Chinese Officials Threaten Severe Punishment on Tibetan Self-Immolators’ Families, Communities
A document recently smuggled out of Sichuan Province’s Ngaba Prefecture shows an edict by local officials imposing draconian measures against the communities, families, and associates of all self-immolators, punishing them for the act.
Most of the self-immolations have occurred in China’s Ngaba Tibetan and Qiang Autonomous Prefectures, east of Tibet, where the Dzorge County government has announced that it will take innocent people hostage en masse, said the Tibetan Centre for Human Rights and Democracy (TCHRD.) The edict warned that if there is a self-immolation, the government will “strike hard” against these hostages and methodically take away their human rights, and make life for the innocent survivors unbearable, TCHRD reported.
This warning is very simple, said TCHRD: “If there is a self-immolation, the local government will attack your family, village, and monastery.”
The official document, displayed and analyzed on the TCHRD web site, was dated April 8, 2013. It specifically listed 16 articles of restrictions and punishments for the family, village, and monastery of a self-immolator.
“All of these measures violate human rights that the Chinese Constitution claims to protect,” said TCHRD’s analysis of the document. But, it added, “The local authorities in Dzorge make it clear that they have placed a sword over the families of would-be self-immolators.”
Family members of self-immolators will be blacklisted, deprived of their political rights, and banned from government employment. Their home and land will be confiscated, and they will be prohibited from starting a business. They will be excluded from all welfare benefits for 3 years and barred from traveling to Lhasa or to foreign countries.
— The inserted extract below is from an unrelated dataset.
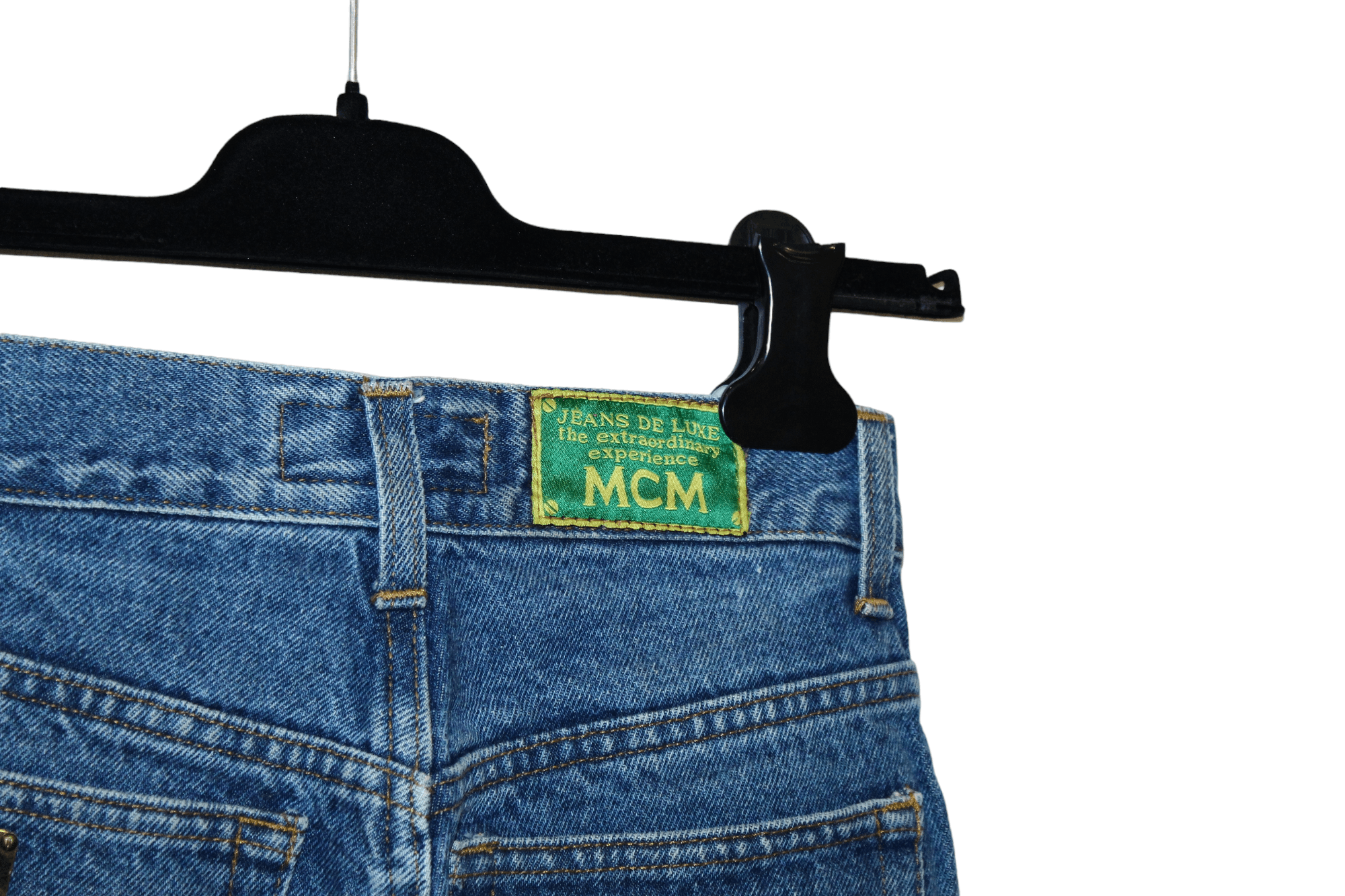 MCM RARE 90s MCM high waist stonewash mom baggy jeans spike logo Size 24" / US 00 / IT 34 - 6 Thumbnail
Family members will be unable to find work or permanent housing and will not be permitted to borrow money, TCHRD said.
Monasteries and villages will be fined amounts from 10,000-500,000 yuan ($1,648 to $82,414) in the form of a deposit to ensure against future self-immolations. In the case of a self-immolation, the money will be forfeited, and a new deposit required. The self-immolator’s village or monastery will be prevented from receiving financial assistance in the future, effectively preventing the creation of any new business, TCHRD said. Villagers will be forbidden the use of farmland and grasslands.
These economic measures are particularly harsh in this area of Sichuan Province, where in 2011 the average annual net income in rural areas was 6,129 yuan ($1,010), according to TCHRD.
The new strictures will place all monastery financial records under the scrutiny of local officials and in effect require the monastery to rely on the government for electricity, water, and food, TCHRD said. Villagers, monks and nuns, officials, and monastery teachers will be subjected to “legal education,” or brainwashing, campaigns.
Villagers’ Committees in Dzorge County were ordered to publicize the new measures and post the document at local government offices, police stations, shops, and restaurants throughout the county, according to the Tibetan who smuggled the document out of Ngaba. The man told TCHRD that self-immolation-related detentions and arrests are common occurrences in Dzorge County. Every person who is remotely connected to a self-immolator is being detained, questioned, and tortured, he said.
Since 2009, 126 Tibetans have set themselves on fire. The immolations have been a protest against the Chinese regime’s policies in Tibet, which Tibetan groups say are leading to the cultural annihilation of the Tibetan people.